On the night before Jesus was arrested and betrayed, he sat with his disciples and commanded them to love one another. The very same people that would shortly hand him to the soldiers and deny him, he reminded them of his love. The very same people who would soon abandon him, he reminded of his truth.
Jesus loved them. They were to love one another.
Sometimes I get this all wrong. I am messy and dirty. Mostly, I’m overwhelming. I desperately want to be a solitary Christian. I don’t want to mess with the work and dedication it takes to build a community. It’s just easier to watch The Office for the 10th time. Communities, like families, are built on birth and redemption. They’re fortified by forgiveness and hard conversations. They are long nights of angry words and and early mornings of mercy.
They are not just Sunday morning sunshine.
Sometimes they’re Thursday nights of washing feet and getting to the bare dirt that we travel with.
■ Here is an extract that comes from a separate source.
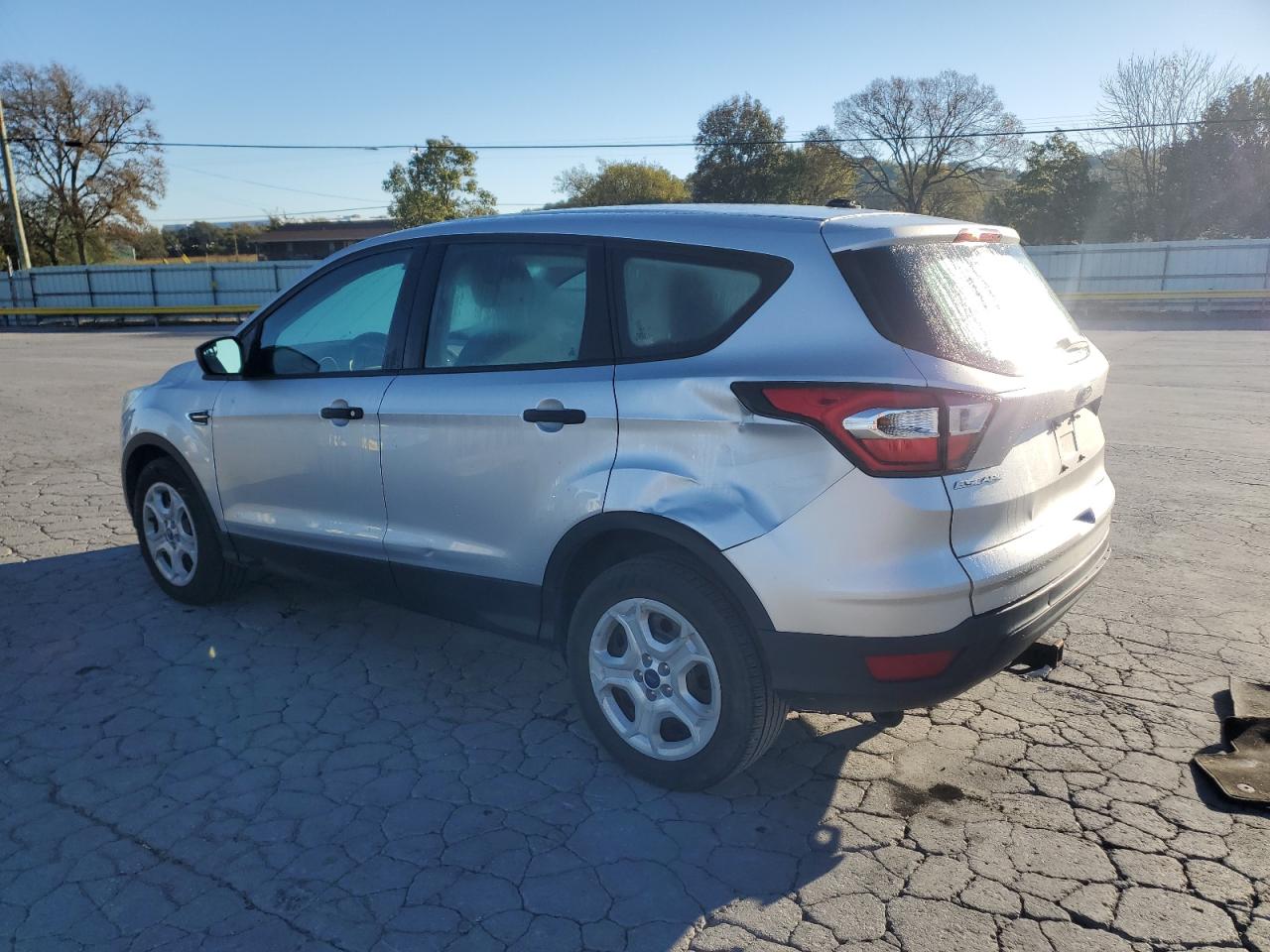 FORD ESCAPE S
They’re clinking wine glasses and breaking bread as unknown trauma and death lies before us. They’re not just me and Jesus traveling this road in the sand. They’re me and His people on a pilgrimage up dusty paths, building a family of faith in the desert as we await his Kingdom.
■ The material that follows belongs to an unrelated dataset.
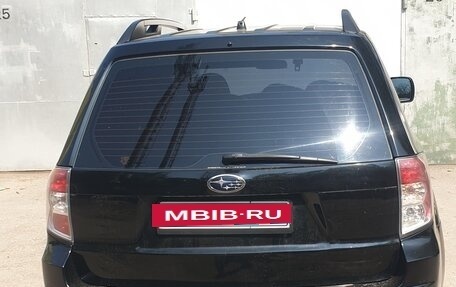 Subaru Forester, 2010 год, 1 150 000 рублей, 3 фотография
So as we travel towards Easter Sunday, let us pause today and remember the night of the Passover and Jesus’ desperate call.
Let us remember:
Jesus loves us. We are to love one another.
As we approach this Easter weekend, are you walking in community? If not, what keeps you from investing?
What do you think it means to be loved? How does it look? How does it feel?
What do you think it means to love like Jesus loves? How does it look? How does it feel?
What are some things you need to leave at the foot of the cross in order to love your community more deeply?
Four suggestions for you or your community:
Read the story of the Last Supper in Luke 22 and John 13, contemplating the significance of the event for both the original audience and for the Kingdom of God.
Invite your close community over for dinner and wash each others feet in remembrance of Jesus’ actions. Read the above sections to each other and discuss the ramifications of Jesus’ command.
Culturally, in the setting of the Lord's Supper, washing of feet was messy work. It was a task meant for only lowly servants. Consider a way you can engage in today's "messy tasks" for someone in your community. Offer to deep clean someone's bathroom or kitchen. Give the struggling parent some time away from their tantrum-ridden toddler. Get your hands dirty to show your neighbor love.
If your church community doesn’t have a service, attend a neighboring church and engage in the wider community of Christ followers.